- Q1 revenue: $41.2 billion (+13% YoY, -11% QoQ, vs. $40.3 billion expected)
- Q1 earnings: $6.83 billion (+2.7% YoY, +/-36% QoQ, below expectations)
- Q2 guidance: Alphabet is "optimistic" about the long-term growth of the business, but the second quarter will be "a difficult one," according to CFO Ruth Porat.
The big number: With the pandemic shutting down industries around the world, the writing has been on the wall that Google was likely going to take a hit in its advertising revenue — far and away its biggest business — as far fewer people are advertising right now. Even still, Alphabet managed to beat revenue expectations by nearly $1 billion. Google's advertising revenue was up over 10% to $33.7 billion over the $30.6 billion it posted in the same period last year. Alphabet's CFO Ruth Porat suggested on the call with analysts that much of the advertising revenue for the quarter came before the West went into lockdown near the end of March, when attentions turned to "less commercial" interests — presumably all of us Googling COVID-19 symptoms.
People are talking: "Performance was strong during the first two months of the quarter, but then in March we experienced a significant slowdown in ad revenues," Porat said in a statement. "We are sharpening our focus on executing more efficiently, while continuing to invest in our long-term opportunities."
Opportunities: Alphabet isn't entirely about advertising. There have been a few other promising, if relatively small, areas of growth in recent quarters, including Google's hardware division and its cloud services businesses. It started breaking out its Google Cloud revenue at the end of 2019, and it posted $2.78 billion in revenue for the quarter, a massive 52% jump over the $1.825 billion it posted in the quarter a year earlier. As more companies consider the value of flexible, cloud-based architectures, it's likely this business will continue to contribute to Alphabet's bottom line. CEO Sundar Pichai said the company would be "recalibrating" its investment focus in data centers given the pandemic.
Google's whole "other revenues" line, which includes sales of Pixel phones, Nest smart devices and other hardware products, as well as cloud, also jumped over last year, contributing $4.44 billion — though if you take out the revenue from cloud services, the segment actually shrunk by about 8%. It seems like fewer people want new phones or smart-home products when they're stuck at home, and Pichai said that fewer devices had been activated in the quarter.
Threats: Google is likely going to be seen as the canary in the coal mine for the advertising industry during the pandemic; its main competitor, Facebook, reports Wednesday.
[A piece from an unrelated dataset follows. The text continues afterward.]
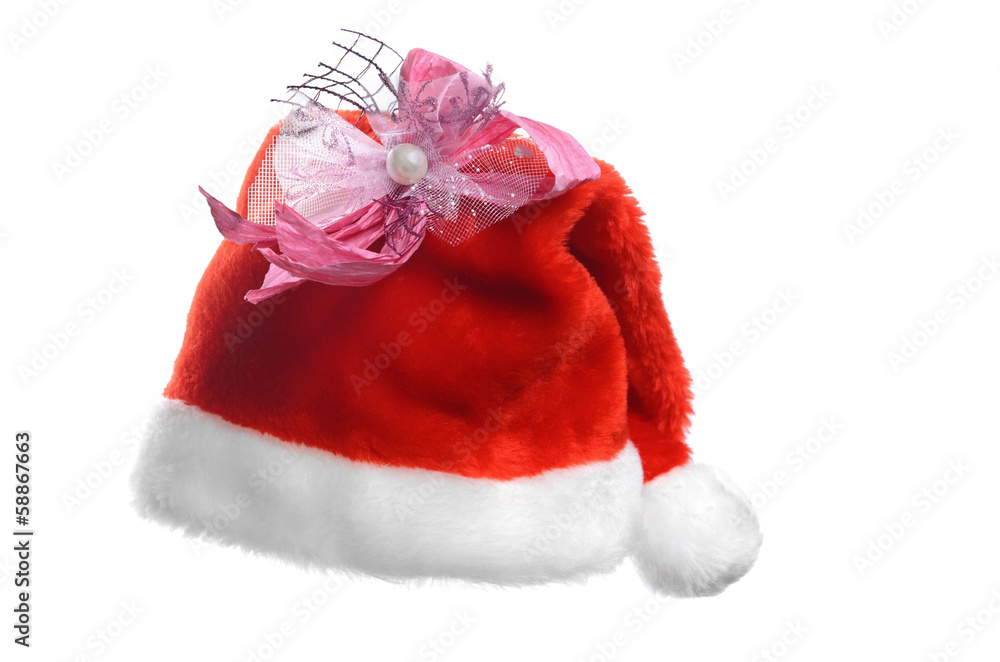Christmas santa hat with bow, isolated on white Christmas santa hat with bow, isolated on white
For now, it seems that Google managed to weather the start of the pandemic with revenue that came in before things really went south. The company recently cut its own marketing budgets, with Pichai hinting at hiring freezes on the call as well. Advertising revenue is Alphabet's cash cow — what will it do if no one wants to buy ads?
"There's still a great deal of uncertainty about the path to recovery," Pichai said on the company's call with investors. "Q1 was clearly the tale of two quarters."
The power struggle: Beyond the softness in the advertising industry, Alphabet has another millstone around its neck: everything other than Google. All of its other companies — which it groups together in its earnings as "Other Bets," and includes things like Waymo, Loon, Verily, X and Wing — may one day produce technology that'll revolutionize the world like Google has, but for now, are primarily a massive cash pit for Alphabet. Other Bets generated $135 million in revenue for the quarter (a 20% drop over a year ago), at a loss of $1.12 billion for the quarter. That's about 30% more than it lost in the same quarter a year ago. If Google is facing lean times ahead in its advertising business, how much money is Alphabet going to continue to want to throw into its Other Bets?